▶ [COLLECTED MATERIAL]:
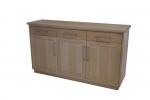 Kapell Sideboards and Buffets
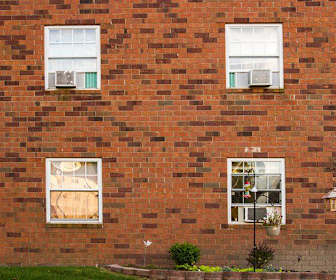 Apartments For Rent In Mount Vernon Oh 145 Rentals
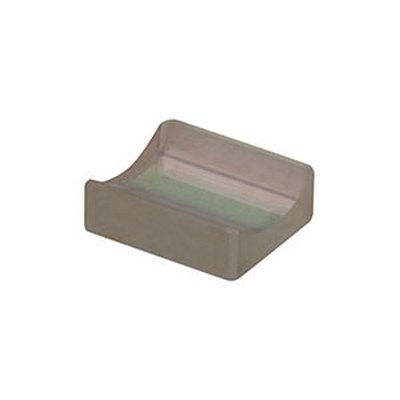 Thorlabs索雷博   LK1684L1-C  平凹柱面透镜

▶ [AIM OF THE TASK]: The answer should match the material exactly, with every picture removed.

▶ [RESPONSE TO THIS EXERCISE]:
 Kapell Sideboards and Buffets
 Apartments For Rent In Mount Vernon Oh 145 Rentals
 Thorlabs索雷博   LK1684L1-C  平凹柱面透镜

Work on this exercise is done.